── EXERCISE DATA

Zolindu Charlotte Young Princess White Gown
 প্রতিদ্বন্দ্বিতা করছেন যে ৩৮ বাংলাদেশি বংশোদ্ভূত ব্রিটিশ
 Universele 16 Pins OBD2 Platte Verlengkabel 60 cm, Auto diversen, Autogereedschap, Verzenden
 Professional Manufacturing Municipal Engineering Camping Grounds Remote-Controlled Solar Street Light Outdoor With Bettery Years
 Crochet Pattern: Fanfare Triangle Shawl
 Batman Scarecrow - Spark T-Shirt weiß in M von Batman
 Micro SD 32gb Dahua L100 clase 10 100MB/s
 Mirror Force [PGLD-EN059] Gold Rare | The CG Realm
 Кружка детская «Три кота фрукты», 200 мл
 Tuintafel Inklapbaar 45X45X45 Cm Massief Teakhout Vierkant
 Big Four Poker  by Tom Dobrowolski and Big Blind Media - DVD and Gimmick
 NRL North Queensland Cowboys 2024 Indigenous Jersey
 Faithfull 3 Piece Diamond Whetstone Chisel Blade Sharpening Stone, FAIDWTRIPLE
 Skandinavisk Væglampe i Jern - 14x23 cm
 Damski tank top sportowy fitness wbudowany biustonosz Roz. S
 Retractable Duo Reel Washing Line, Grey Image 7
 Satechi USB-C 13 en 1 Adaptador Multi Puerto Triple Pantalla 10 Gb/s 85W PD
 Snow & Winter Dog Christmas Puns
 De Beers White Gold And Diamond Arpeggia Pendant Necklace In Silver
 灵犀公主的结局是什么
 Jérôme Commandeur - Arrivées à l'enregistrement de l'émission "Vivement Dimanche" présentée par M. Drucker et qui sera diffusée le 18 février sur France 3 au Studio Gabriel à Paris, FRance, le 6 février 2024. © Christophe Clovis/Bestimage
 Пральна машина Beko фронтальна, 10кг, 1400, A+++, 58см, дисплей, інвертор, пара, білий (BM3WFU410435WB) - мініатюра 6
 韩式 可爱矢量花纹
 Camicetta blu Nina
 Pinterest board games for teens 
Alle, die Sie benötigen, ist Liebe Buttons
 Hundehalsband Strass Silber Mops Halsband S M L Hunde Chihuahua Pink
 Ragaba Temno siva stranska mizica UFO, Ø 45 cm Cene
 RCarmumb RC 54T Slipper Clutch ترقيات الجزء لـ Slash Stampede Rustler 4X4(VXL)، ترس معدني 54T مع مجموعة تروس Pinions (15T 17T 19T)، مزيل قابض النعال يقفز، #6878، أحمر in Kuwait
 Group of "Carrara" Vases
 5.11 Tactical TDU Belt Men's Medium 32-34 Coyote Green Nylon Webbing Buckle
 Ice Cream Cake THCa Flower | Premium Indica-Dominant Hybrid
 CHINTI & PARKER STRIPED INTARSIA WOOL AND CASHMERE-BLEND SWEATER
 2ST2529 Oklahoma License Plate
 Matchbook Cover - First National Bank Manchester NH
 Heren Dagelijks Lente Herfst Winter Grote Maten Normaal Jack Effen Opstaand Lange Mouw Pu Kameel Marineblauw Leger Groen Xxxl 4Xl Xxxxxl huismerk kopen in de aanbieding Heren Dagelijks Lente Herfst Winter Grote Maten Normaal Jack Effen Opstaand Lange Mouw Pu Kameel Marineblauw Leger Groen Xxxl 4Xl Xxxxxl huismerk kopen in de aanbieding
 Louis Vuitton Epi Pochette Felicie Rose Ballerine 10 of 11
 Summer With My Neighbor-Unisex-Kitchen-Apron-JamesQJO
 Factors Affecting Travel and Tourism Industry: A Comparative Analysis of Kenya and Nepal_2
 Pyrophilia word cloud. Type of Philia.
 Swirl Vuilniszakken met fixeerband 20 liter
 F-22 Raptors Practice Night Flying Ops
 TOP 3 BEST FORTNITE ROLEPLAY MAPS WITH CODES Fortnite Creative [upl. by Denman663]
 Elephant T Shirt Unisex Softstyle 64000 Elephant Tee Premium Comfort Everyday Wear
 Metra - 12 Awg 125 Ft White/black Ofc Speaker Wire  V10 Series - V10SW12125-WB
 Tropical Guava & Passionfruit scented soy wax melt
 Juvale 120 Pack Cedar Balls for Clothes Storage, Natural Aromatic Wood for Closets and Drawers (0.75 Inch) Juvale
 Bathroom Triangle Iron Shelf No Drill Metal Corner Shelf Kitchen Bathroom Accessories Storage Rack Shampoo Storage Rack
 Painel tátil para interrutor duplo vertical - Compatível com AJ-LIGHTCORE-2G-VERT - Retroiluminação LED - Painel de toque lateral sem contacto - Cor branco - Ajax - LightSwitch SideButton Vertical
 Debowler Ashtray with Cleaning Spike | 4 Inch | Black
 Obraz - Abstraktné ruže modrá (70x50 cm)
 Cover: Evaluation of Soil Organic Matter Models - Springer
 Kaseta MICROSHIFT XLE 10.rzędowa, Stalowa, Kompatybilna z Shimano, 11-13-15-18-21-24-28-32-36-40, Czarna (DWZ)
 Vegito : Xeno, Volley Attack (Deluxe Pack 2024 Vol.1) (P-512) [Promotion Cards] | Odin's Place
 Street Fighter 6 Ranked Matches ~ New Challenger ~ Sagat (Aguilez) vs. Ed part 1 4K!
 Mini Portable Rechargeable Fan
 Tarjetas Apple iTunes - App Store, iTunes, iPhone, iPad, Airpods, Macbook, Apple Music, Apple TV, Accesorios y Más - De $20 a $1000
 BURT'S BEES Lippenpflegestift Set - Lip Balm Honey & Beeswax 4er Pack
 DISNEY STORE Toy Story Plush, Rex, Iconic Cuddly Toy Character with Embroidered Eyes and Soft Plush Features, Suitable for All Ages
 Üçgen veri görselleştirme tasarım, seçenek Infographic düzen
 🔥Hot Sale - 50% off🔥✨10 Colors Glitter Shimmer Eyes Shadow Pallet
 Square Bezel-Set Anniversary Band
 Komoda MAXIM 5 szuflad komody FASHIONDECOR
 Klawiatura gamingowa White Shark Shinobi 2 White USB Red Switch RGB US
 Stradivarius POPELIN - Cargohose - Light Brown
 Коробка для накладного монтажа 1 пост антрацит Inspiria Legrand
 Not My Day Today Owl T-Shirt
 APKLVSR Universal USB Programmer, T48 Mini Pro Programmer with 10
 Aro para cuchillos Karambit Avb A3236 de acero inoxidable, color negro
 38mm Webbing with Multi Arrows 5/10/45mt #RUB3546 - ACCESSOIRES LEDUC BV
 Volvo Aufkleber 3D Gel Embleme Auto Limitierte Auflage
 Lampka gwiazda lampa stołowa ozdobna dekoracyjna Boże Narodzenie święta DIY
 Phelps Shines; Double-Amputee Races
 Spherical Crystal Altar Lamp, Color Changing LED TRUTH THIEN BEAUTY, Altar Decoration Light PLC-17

────

▸ WORK REQUEST
Each line above with the word "Auto" must be returned.

▸ PROBLEM SOLUTION
 Universele 16 Pins OBD2 Platte Verlengkabel 60 cm, Auto diversen, Autogereedschap, Verzenden
 Volvo Aufkleber 3D Gel Embleme Auto Limitierte Auflage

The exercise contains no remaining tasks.